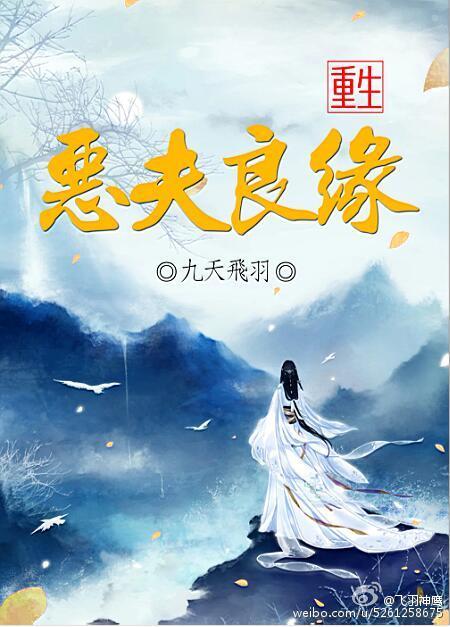 重生之恶妻当道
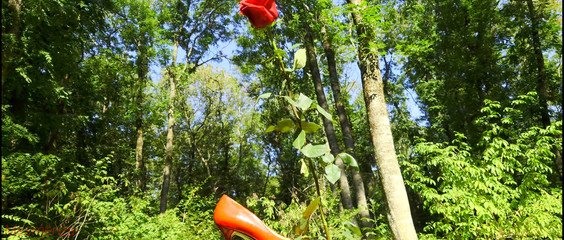 Mesmeriza: Mesmeriza kompilace 12 Ostrov Zapomnění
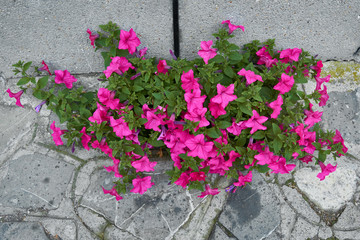 Fototapeta na wymiar Petunia with bright pink flowers. Plant with brightly purple colored funnel-shaped flowers.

━━━

**WORK INSTRUCTIONS**
Print every line of the data exactly. Pictures do not belong in the copy.

**FINISHED EXERCISE**
 重生之恶妻当道
 Mesmeriza: Mesmeriza kompilace 12 Ostrov Zapomnění
 Fototapeta na wymiar Petunia with bright pink flowers. Plant with brightly purple colored funnel-shaped flowers.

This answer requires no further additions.